I started teaching workshops simply by deciding to have a go. I knew I wouldn’t get funding or support until I had proven the usefulness of what I was doing, so I settled on a date, booked a room, and rustled up some Instructors. That is all you really need to get started - a date. That concentrates the mind and … away you go.

Because of the demand for teaching spaces at The University of Queensland, we have never had the luxury of good facilities for our workshops, so we book a room in a residential college on campus, (which we pay for), and we charge a fee to cover room hire (which includes wifi), and to pay for morning and afternoon tea (which keeps people from straying off in search of coffee). The fee ensures people are serious about coming and very few people drop out. Bookings are done through Eventbrite and we charge just enough to cover room and food and incidentals like sticky notes, name tags, and whiteboard pens (we never have money left over). Eventbrite has waitlist functionality which helps if people cannot attend after booking so their place can go to someone else. The waitlist becomes the contact list for later workshops.

Leveraging other events

We have a Brisbane tradition of running Research Bazaar, a three-day, skill- and community building event. These always feature Software Carpentry workshops, so the two types of event cross-promote each other. Conference tie-ins have also been important. Software Carpentry workshops are always run as a tie-in to the annual UQ Winter School in Mathematical and Computational Biology. Again, cross-promotion helps fill both events.

Mentoring

I answered a call to be part of the Mentoring Subcommittee (now the Instructor Development Committee) in 2015, which was when I began to host discussion sessions. I was the lone person from Australia on the committee at that time, and it was great to meet Raniere Silva, Christina Koch, Kate Hertweck and others who had formerly been no more to me than names I knew from Twitter.

In 2017, I did some ‘guiding’ - mentoring recent Software Carpentry Instructor trainees through the final stages of checkout. I tried this approach on attendees at the 2017 Brisbane instructor training (resulting in a completion rate of 17 out of 20). I then assisted Anelda van der Walt and Aleksandra Pawlik with their South African Instructor trainee cohort, running lesson discussion and practice teaching sessions to help them finish. Many of those people now serve on the African Task Force.

Steering Committee

I ran for and was elected to the Software Carpentry Steering Committee in 2016 and 2017. I had to step down from Steering Committee when I accepted the role of Community Development Lead, a joint appointment between Software Carpentry and Data Carpentry that began in June 2017. When the two projects merged to form The Carpentries, my role was revised and I am now Community and Communications Lead for The Carpentries. My time on the Steering Committee widened my understanding and appreciation of how global projects function, and I got to work with some great people.

Skills developed

In my role, I have tried to provide wording that helps others describe what skills their volunteer work for the Carpentries has helped them develop. These texts can be repurposed. I plan to add other texts to the existing texts for Instructors, Trainers, and Maintainers.

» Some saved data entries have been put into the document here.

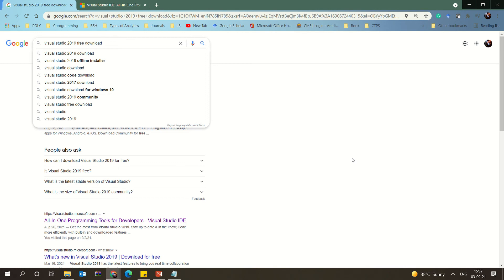Welcome to this session on how to install Visual Studio 2019. We are installing this tool to learn more about object-oriented design concepts, design patterns, and everything related, using C#. For that, we are going to use Visual Studio 2019.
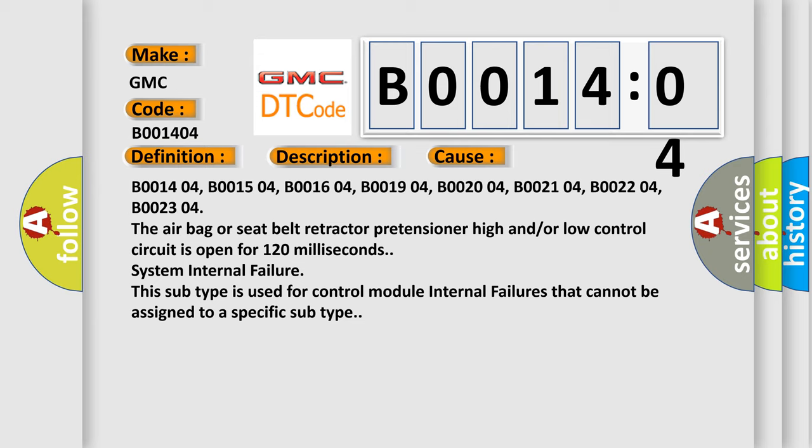B001404, B001504, B001604, B001904, B002004, B002104, B002204, B002304. The airbag or seat belt retractor pretensioner high and/or low control circuit is open for 120 milliseconds. System internal failure. This subtype is used for control module internal failures that cannot be assigned to a specific subtype.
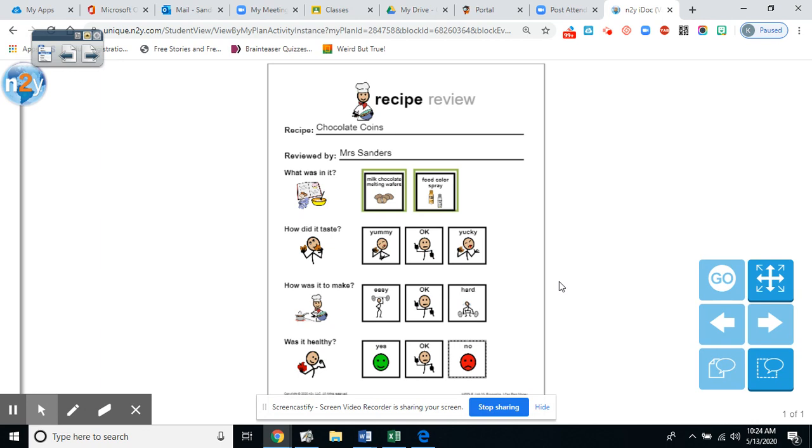But you know what? If we've been eating healthy all week long, then we deserve a little bit of junk food like chocolate coins, don't we? Just something to treat ourself.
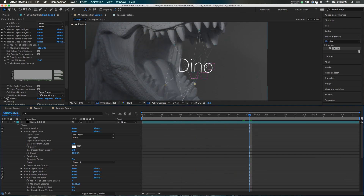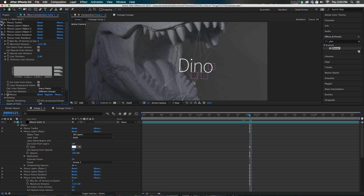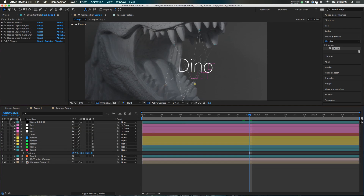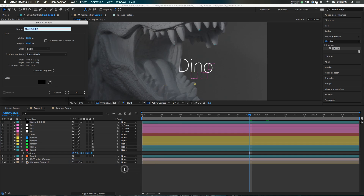When you render this out, it'll look wonderful. I will say that Plexus can be a little hardware intensive, so just keep that in mind. But, as promised, we will do this without Plexus. Let's make a new solid — a totally different solid.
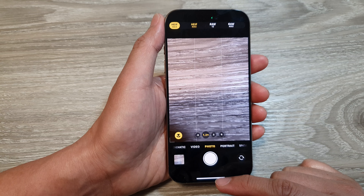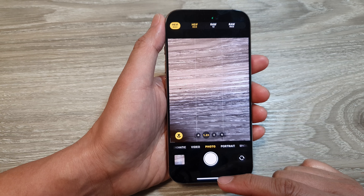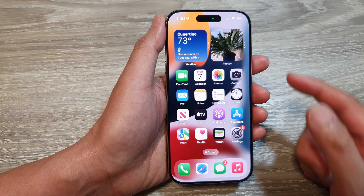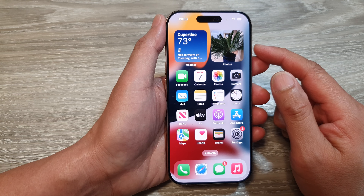How to set the camera to HEIF Max, RAW 12, or RAW Max when taking a photo on the iPhone 16 series.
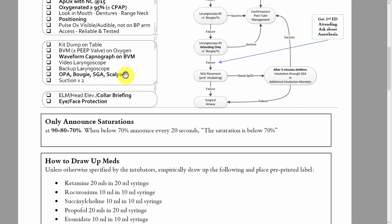If it's a predicted tough intubation, all those things should be out on the bed next to the patient. There should be two suctions with Yankauer tips on, tested, and ready to go. The docs should have established there's someone who knows how to help with external laryngeal manipulation, someone to help with extreme head elevation, and someone to help with the cervical collar.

The skills I have picked up include shell, git/GitHub, as well as a bit of R and Python (still much to learn). Community building, teaching, blogging, tweeting, planning - these have all had a boost through my Carpentries volunteering.

My path is probably not a typical one … but it does show that someone with absolutely no skills at all in programming can learn these skills over time (teaching is a great way to learn), can organise and teach workshops, can provide advice and guidance to others, can encourage others to get involved in the community, and can mentor people who feel as tentative now as I once did.

The Carpentries is a great, global movement, and there really is a role and a place for anyone who wants to take part. While I am leaving The Carpentries staff soon for a new role at a university, I still plan to remain part of this community, to teach workshops, to organise locally, and to continue to advocate for The Carpentries wherever and whenever I can.

You belong in The Carpentries! Why not share your pathway?